**Task item:** A picture-free, exact copy of all the records below is the goal.

[Material supplied]

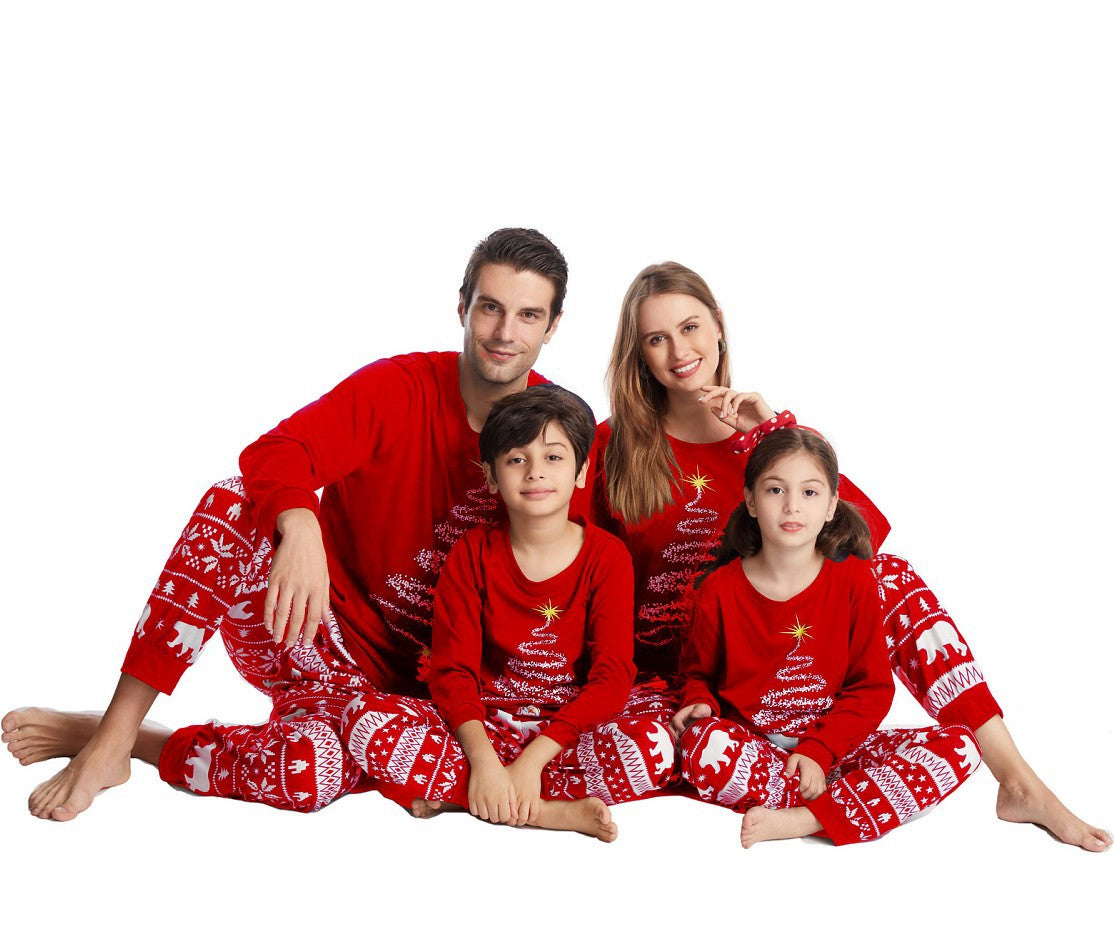 Family Matching Christmas Pajama Set – Mom Dad Kids Matching Sleepwear, Soft Holiday Romper and Clothing Set for Festive Home Photos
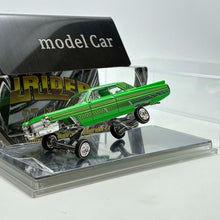 Load image into Gallery viewer, 97m 1:64 Green 1964 Deville Coupe Lowrider Sports Model Diecast Metal Car New Collection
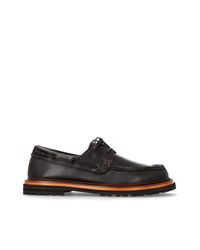 Fendi Black Leather Shoes for men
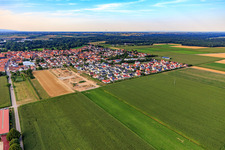 Vue aérienne de Développement de la nouvelle zone de développement Fichtenweg à Steinweiler dans le département Rhénanie-Palatinat, Allemagne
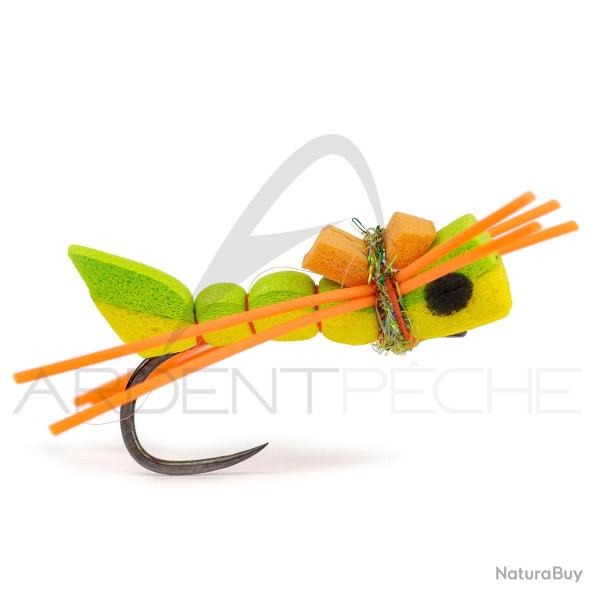 Mouche DK FLYSHOP TRS Hopper X Vert/Jaune H 14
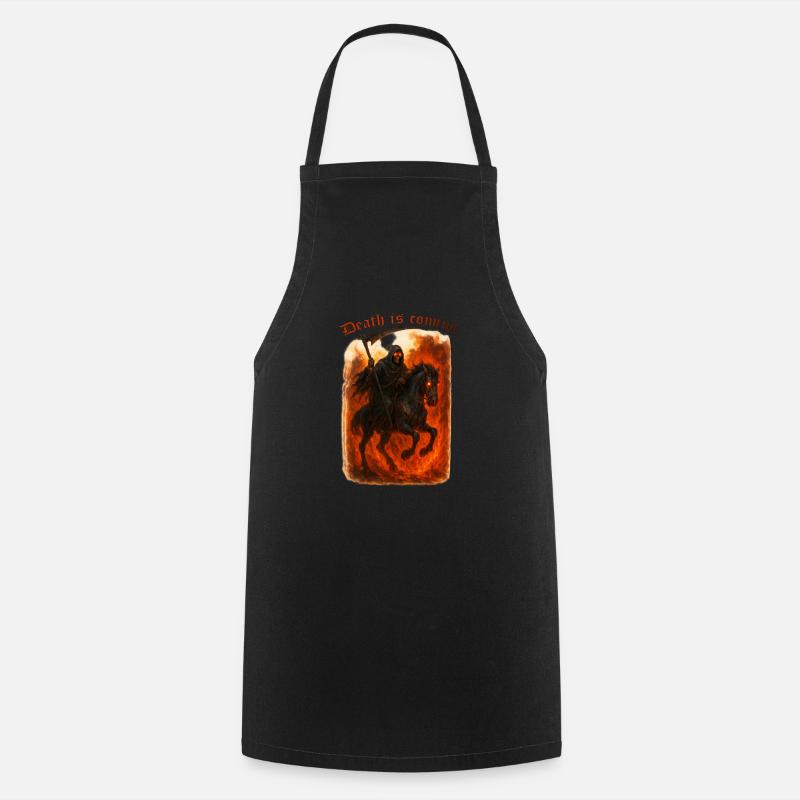 Death is comming - Kochschürze - Schwarz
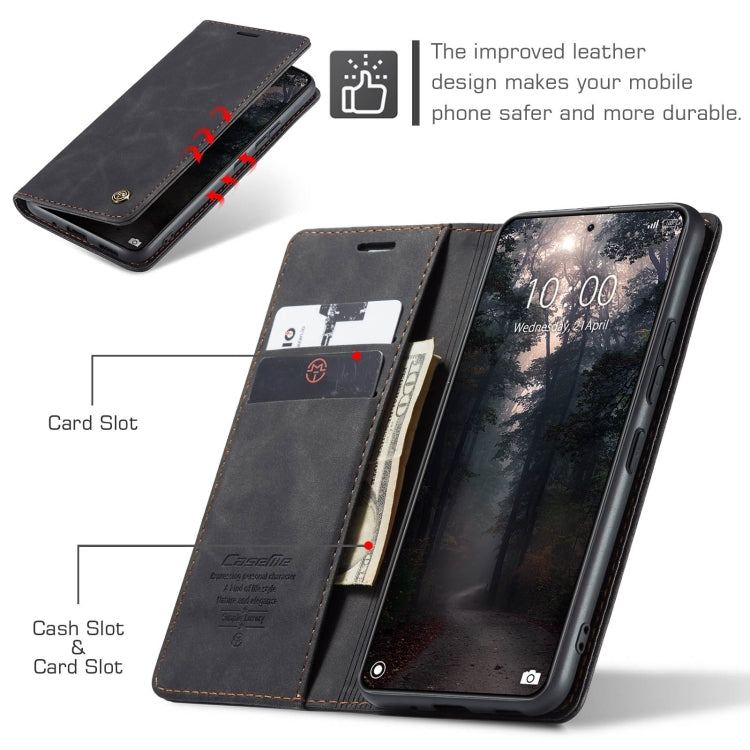 For Xiaomi 14 CaseMe 013 Multifunctional Horizontal Flip Leather Phone Case(Black) - 14 Cases by CaseMe | Online Shopping South Africa | PMC Jewellery | Buy Now Pay Later Mobicred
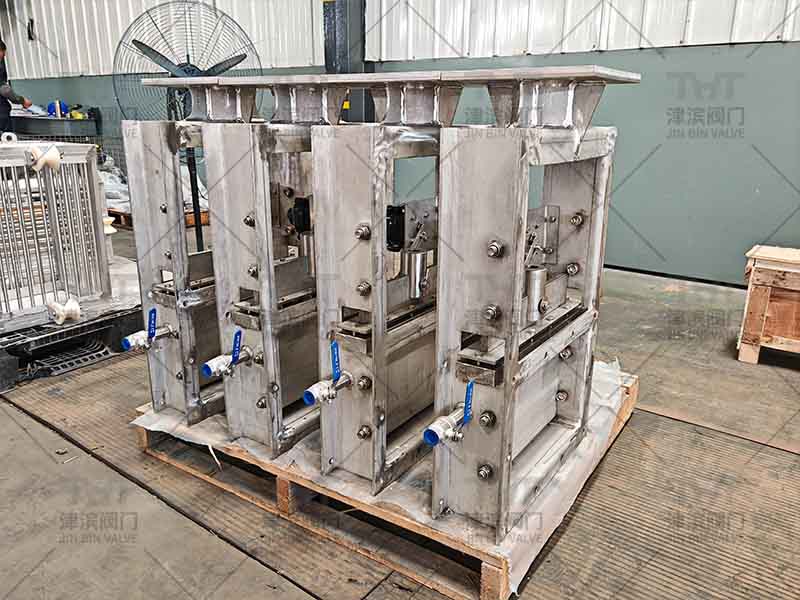 Stainless steel slide gate valve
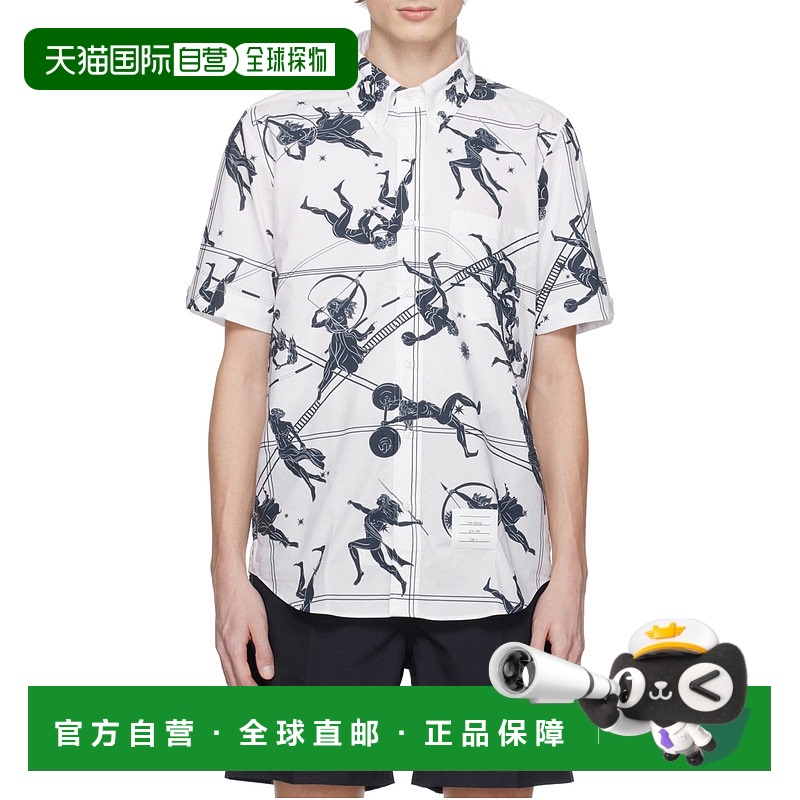 1h可退 香港直邮Thom Browne 汤姆 布朗 男士 短袖衬衫 MWS239AF0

[/Material supplied]

**Exercise output:**
 Family Matching Christmas Pajama Set – Mom Dad Kids Matching Sleepwear, Soft Holiday Romper and Clothing Set for Festive Home Photos
 Load image into Gallery viewer, 97m 1:64 Green 1964 Deville Coupe Lowrider Sports Model Diecast Metal Car New Collection
 Fendi Black Leather Shoes for men
 Vue aérienne de Développement de la nouvelle zone de développement Fichtenweg à Steinweiler dans le département Rhénanie-Palatinat, Allemagne
 Mouche DK FLYSHOP TRS Hopper X Vert/Jaune H 14
 Death is comming - Kochschürze - Schwarz
 For Xiaomi 14 CaseMe 013 Multifunctional Horizontal Flip Leather Phone Case(Black) - 14 Cases by CaseMe | Online Shopping South Africa | PMC Jewellery | Buy Now Pay Later Mobicred
 Stainless steel slide gate valve
 1h可退 香港直邮Thom Browne 汤姆 布朗 男士 短袖衬衫 MWS239AF0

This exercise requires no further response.